La “desaparición“ de una civilización no es solamente un acontecimiento local sino un llamado de emergencia para todo el planeta. Las amenazas que recaen sobre Kiribati son un ejemplo elocuente de los efectos que desata el calentamiento global a nivel planetario con el consecuente derretimiento de las masas de hielo y el aumento del nivel del mar.

Con “Kiribati- ni un paso atrás“ queremos hacerle frente a los que niegan un cambio climático y demostrar que es urgente repensar esa posición y ponerse en acción.

Partiendo de esas convicciones es para nosotros particularmente importante no venir a Kiribati como cineastas del primer mundo y hacer una película sobre los afectados. Perseguimos un concepto participativo. Queremos vincularnos con la gente del lugar y en conjunto desarrollar el proyecto del documental. Para lo cual llevaremos adelante talleres en los que compartiremos nuestros conocimientos en las áreas de realización de entrevistas, filmación, edición de imagen y sonido y en el encontrar una dramaturgia en el material recolectado. Ponemos a disposición nuestro conocimiento y capacitaremos si es necesario a las personas para que ellas mismas puedan contar sus propias historias. En ese empoderamiento radica nuestro acompañamiento del proceso y en el mutuo apoyo en expresar ideas e intereses.

Esta modalidad de realizar la tarea, además de lo que venimos de mencionar, se sustenta en la convicción de que l@s protagonistas se dirigen a la cámara de una forma muy diferente si son filmad@s y/o entrevistad@s por una amig@. Y esa relación de cercanía e identificación se trasmite a la pantalla gigante y al público en general.

Como nuestro trabajo se basa en una forma exploratoria, no tenemos una narrativa escrita, sobre cómo será el documental. Claro que tenemos preguntas que nos brindan un marco, el cual se amplía o descarta a medida que vamos explorando el campo y realizando los talleres. Una de esas ideas que viaja con nosotros es la de visitar junto con una „delegación“ de Kiribati la isla Vanua Levo de unos 20 Kilómetros cuadrados de Fiji. El gobierno anterior al actual de Anote Tongo compró a Fiji en el año 2014 la isla para ir preparando una evacuación de la población. Una situación sumamente interesante si consideramos que Fiji es hasta el momento el único Estado que reconoce el cambio climático como razón de emigración y que se comprometió públicamente en recibir un contingente fijo de personas de Kiribati.

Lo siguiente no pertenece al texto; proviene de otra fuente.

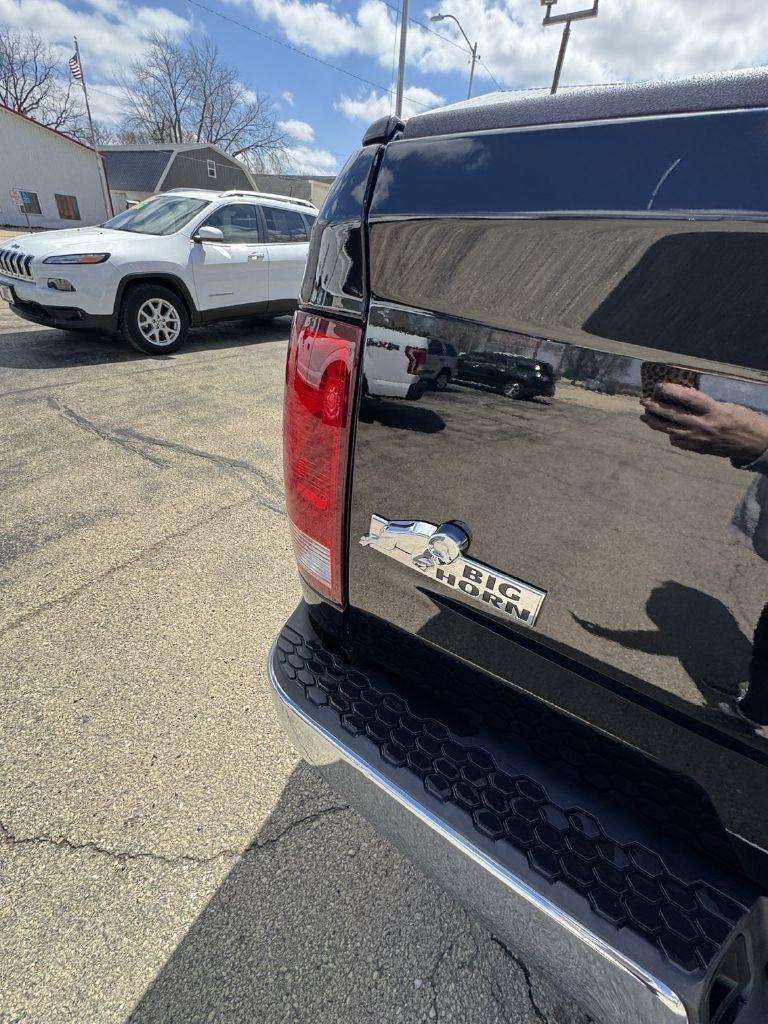 RAM 1500 SLT Crew Cab SWB 4WD 2014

Pero nuestra investigación también reveló que no todas las personas que residen en Kiribati están dispuestas a aceptar la desaparición de su tierra. Hay ideas y técnicas no convencionales y exigentes que podrían salvar la isla, por lo menos en parte. Y también sobre esos sueños, sean reales o no, queremos profundizar más.

Nuestro enfoque, único en la exploración y desarrollo mutuo, dará como resultado un documental convincente, enfático y altamente actual que aborda uno de los temas más importantes de nuestro tiempo.